2. Heard Sri. Padmanabha V. Mahale, learned Senior Counsel for Sri. H. Devendrappa, learned counsel for the appellant and Sri. Rajadhithya Sadasivan, learned counsel for the respondent and perused the material on record.
3. The material on record indicates that the respondent / plaintiff instituted the aforesaid suit for declaration that he was the owner of the portion of the 3 schedule property upon which road is constructed, for mandatory injunction directing the appellant / defendant to remove the road laid upon the schedule property and restore the schedule property to its original condition and consequently, for possession of a portion of the schedule property upon which the said road is laid and for other reliefs. The suit schedule property comprised of three items of lands bearing Survey No.18/9 measuring 21 guntas, Survey No.18/10 measuring 1 acre 1 gunta and Survey No.19/6 measuring 24 guntas, all situated at Basavanapura Village, K.R.Puram Hobli, Bengaluru East Taluk.
4. It was specifically contended that the plaintiff purchased the schedule property vide registered Sale Deed dated 18.01.2005 pursuant to which the revenue records / khatha were mutated into his name and he has been in lawful and peaceful possession and enjoyment of the property since the date of purchase. It was contended that in March 2009, the defendant / BBMP illegally, highhandedly and unauthorisedly trespassed over all the three items of the 4 schedule property and laid a road 30 feet wide and 630 feet long which passes through all the three survey numbers. It was also contended that the defendant / BBMP did not acquire the schedule property and no layout was formed in the property and that the formation of the road by the BBMP is in contravention of Sections 280 and 281 of the Karnataka Municipal Corporations Act, 1976 and by the said formation of the road, the BBMP has encroached upon the schedule property and dispossessed the plaintiff from the portion of the same upon which the road was formed. It was further contended that the plaintiff got issued a legal notice dated 21.04.2010 under Section 482 of the KMC Act calling upon the defendant to restore the schedule property to its original condition and to deliver the said property to him and since the defendant did not comply with the demands of the plaintiff, he instituted the aforesaid suit before the trial Court.

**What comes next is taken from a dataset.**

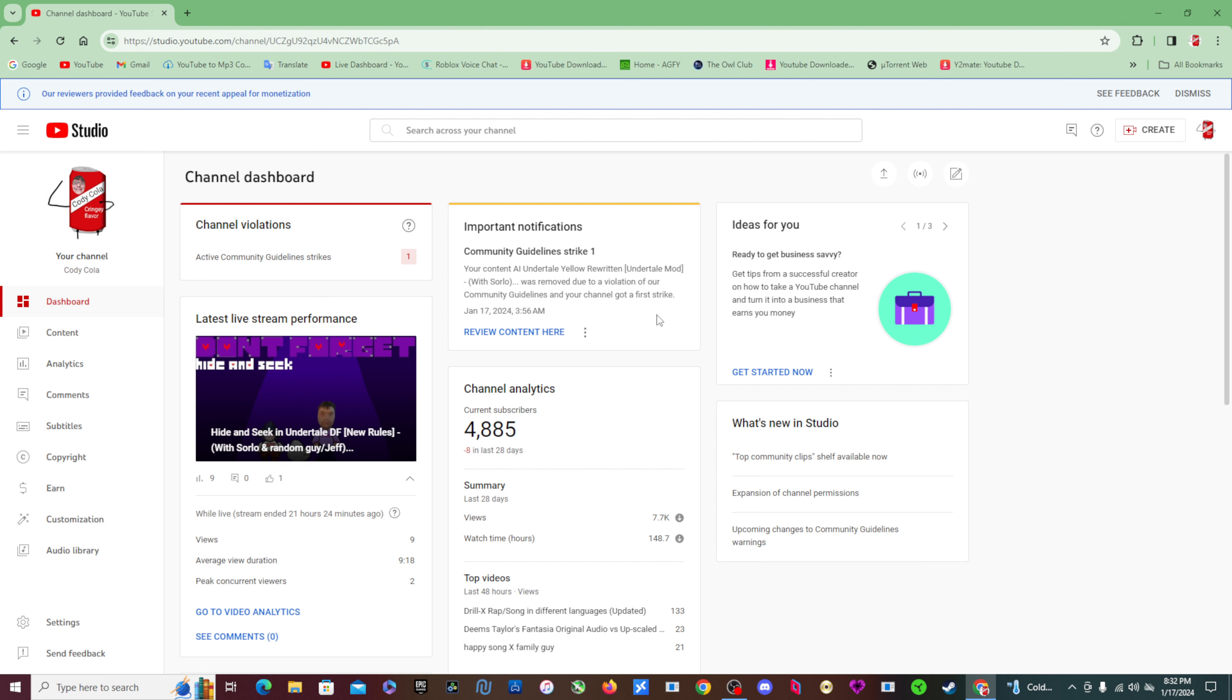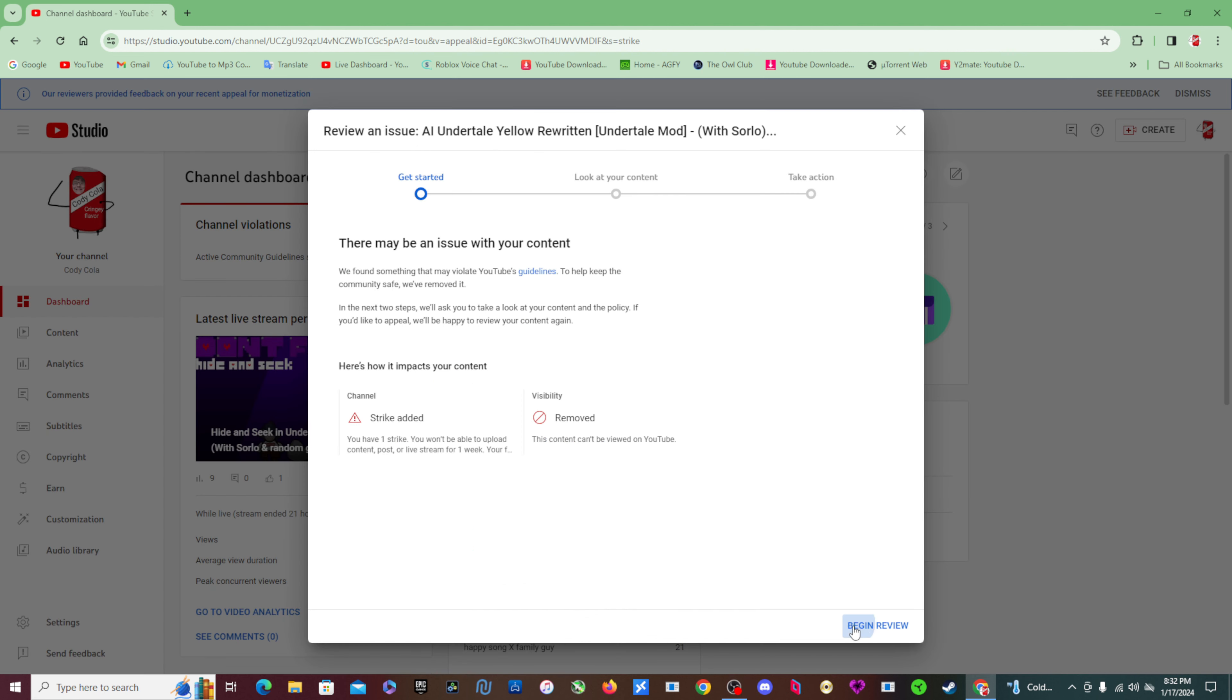So I was about to stream today, playing hide and seek. Let's see what is so offensive that I had to get a strike on my channel for.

5. The defendant filed its written statement interalia disputing and denying the plaint averments and sought for dismissal of the suit. It was contended that the suit has not 5 been properly valued and the Court fee paid was insufficient. The alleged title and possession of the plaintiff over the suit schedule property was denied and it was contended that the road as claimed by the plaintiff was formed 15 years back at the time when a private layout was formed in the suit property pursuant to which the road is being used by local residents. It was also contended that after inclusion of the said area within the jurisdiction of the BBMP, the residents / Welfare Association have made a representation to the defendant for improvement of the said road with better facilities, but the defendant has not taken up development work as the same was not handed over to it and funds were not allotted. The defendant also contended that the suit was not maintainable for non-compliance of Section 482 of the KMC Act and that the plaintiff had not approached the Court with clean hands and consequently, the suit was liable to be dismissed.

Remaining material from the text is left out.